EXERCISE DESCRIPTION
Word for word, transcribe every line from the one holding "Röd bomulls-t-shirt med" through the end of the records, but not the pictures.
-.-.-
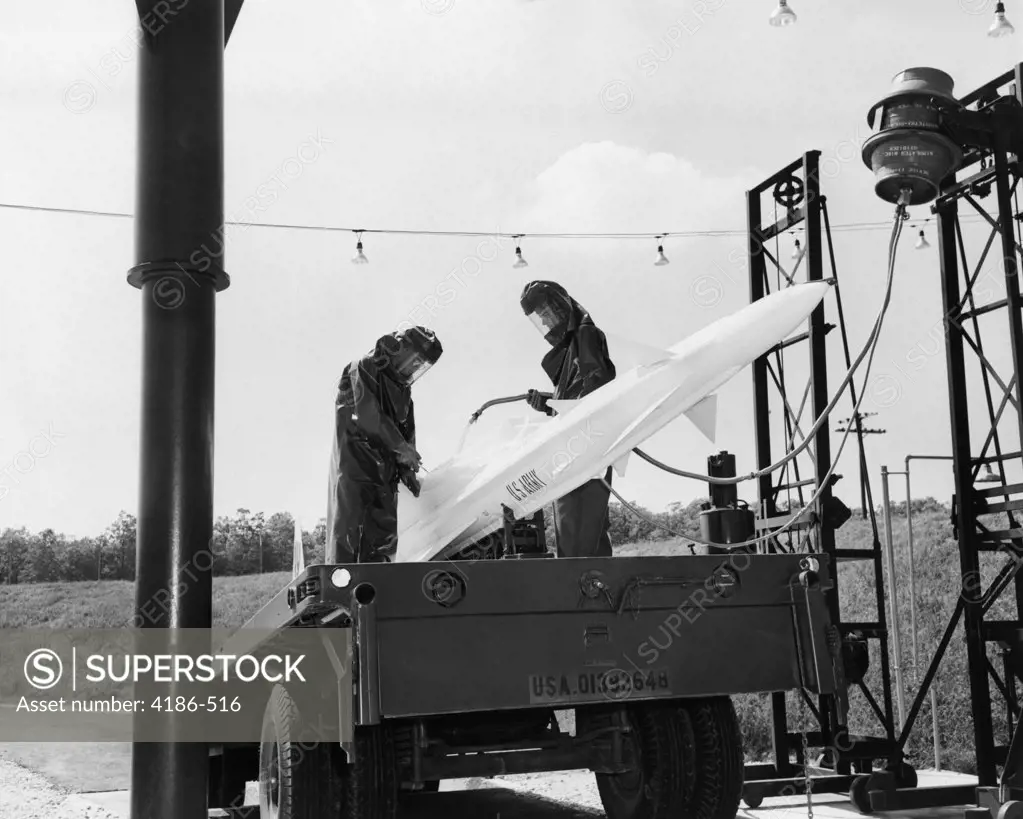 1960S U.S. Army Nike Guided Missile On Launch Pad Being Fueled Fuel By 2 Men In Fire Resistant Clothing
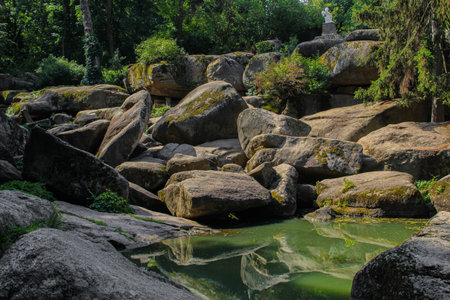 A tranquil green pond reflects the surrounding lush trees and ancient moss-covered boulders, creating a peaceful and picturesque natural landscape.の写真素材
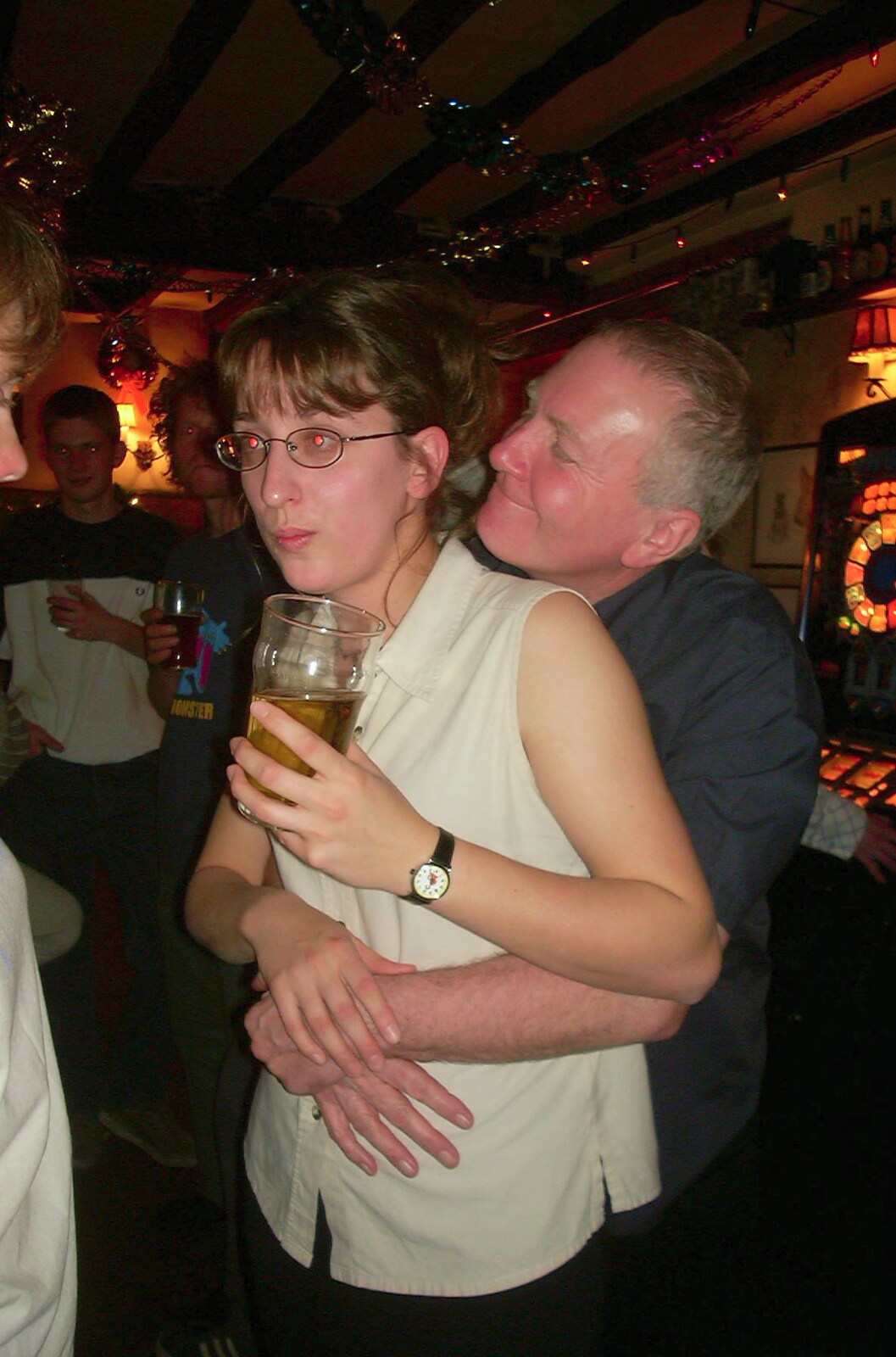 New Year's Eve at the Swan Inn, Brome, Suffolk - 31st December 2002: John Willy grabs Suey from behind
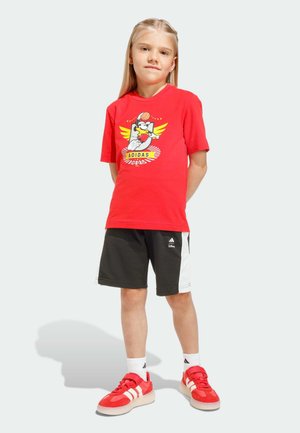Röd bomulls-t-shirt med grafiskt tryck, svarta shorts med vita detaljer och röda sneakers med vita ränder. Avslappnad sportklädsel för barn.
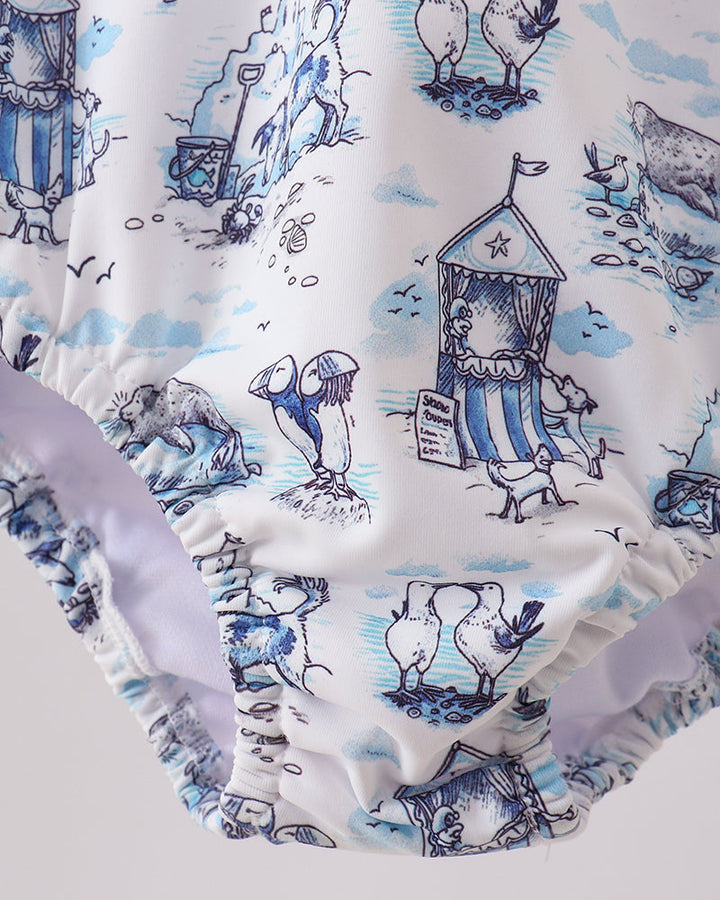 Rashguard with a blue and white nautical-themed print on a light gray background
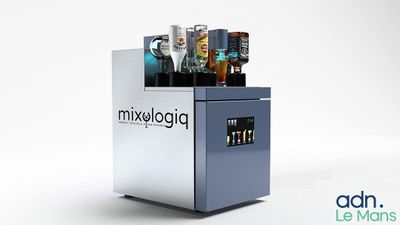 an image of a vending machine with drinks on top of it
-.-.-
TASK RESULT
Röd bomulls-t-shirt med grafiskt tryck, svarta shorts med vita detaljer och röda sneakers med vita ränder. Avslappnad sportklädsel för barn.
 Rashguard with a blue and white nautical-themed print on a light gray background
 an image of a vending machine with drinks on top of it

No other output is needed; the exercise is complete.